Emerging growth company ☒
If an emerging growth company, indicate by
check mark if the registrant has elected not to use the extended transition period for complying with any new or revised financial accounting
standards provided pursuant to Section 13(a) of the Exchange Act.
Item 2.03 Creation of a Direct Financial Obligation or an Obligation under an Off-Balance Sheet Arrangement of a Registrant.
On September 30, 2025, the
Company issued an unsecured, non-interest bearing promissory note (the “Note”) to C/M Capital Master Fund LP (the “Lender”)
in the aggregate principal amount of $1,250,000, for an aggregate purchase price of $1,000,000.
The Note is due and payable
in full on the maturity date, June 30, 2026 (the “Maturity Date”); provided that, upon the occurrence of an Event of Default
(as defined below), the outstanding principal and any other amounts outstanding under the Note will become due and payable without demand.
The Note may be prepaid at any time without penalty. All payments due under the Note rank junior to certain existing indebtedness of the
Company and senior to all other indebtedness of the Company and its subsidiaries. The proceeds of the Note will be used to pay for certain
fees and expenses incurred in connection with the Company’s initial business combination and for other general corporate purposes.
The Note includes customary
representations, warranties, covenants and events of default (each, an “Event of Default”), including, among others, (i) certain
events of bankruptcy, insolvency or reorganization; (ii) breach of certain representations, warranties, covenants or other terms of the
Note that remains uncured for five (5) business days, and (iii) failure to establish and authorize a new series of preferred shares of
the Company by November 15, 2025 (the “New Preferred Shares”).

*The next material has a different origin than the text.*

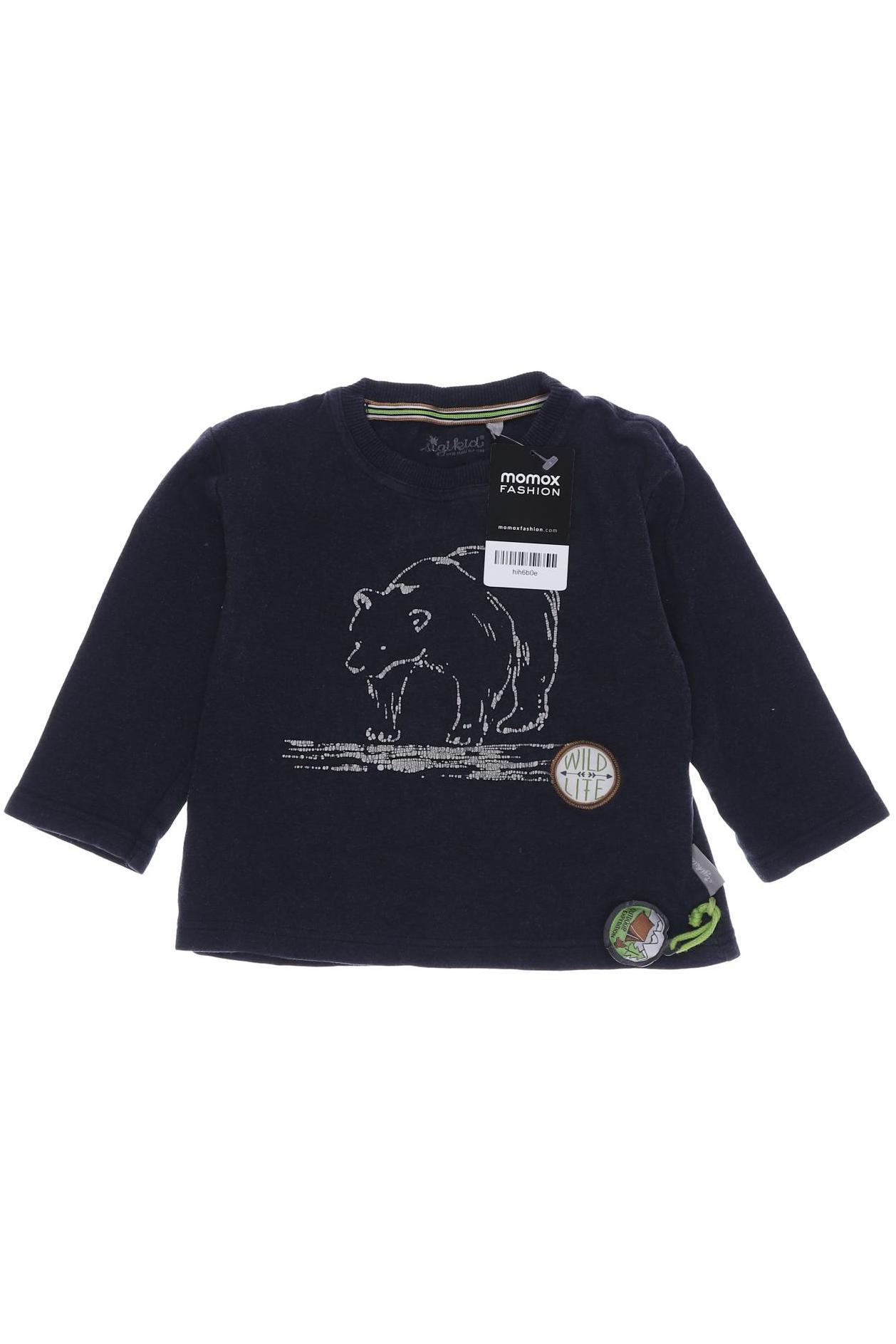 

sigikid Jungen Pullover, marineblau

The Lender has the right to exchange all or any portion of
the Note for New Preferred Shares, on terms to be mutually agreed upon by the Company and the Lender.
The foregoing description
of the Note is not complete and is qualified in its entirety by reference to the full text of the Note, a copy of which is filed herewith
as Exhibit 4.1 to this Current Report on Form 8-K and is incorporated herein by reference.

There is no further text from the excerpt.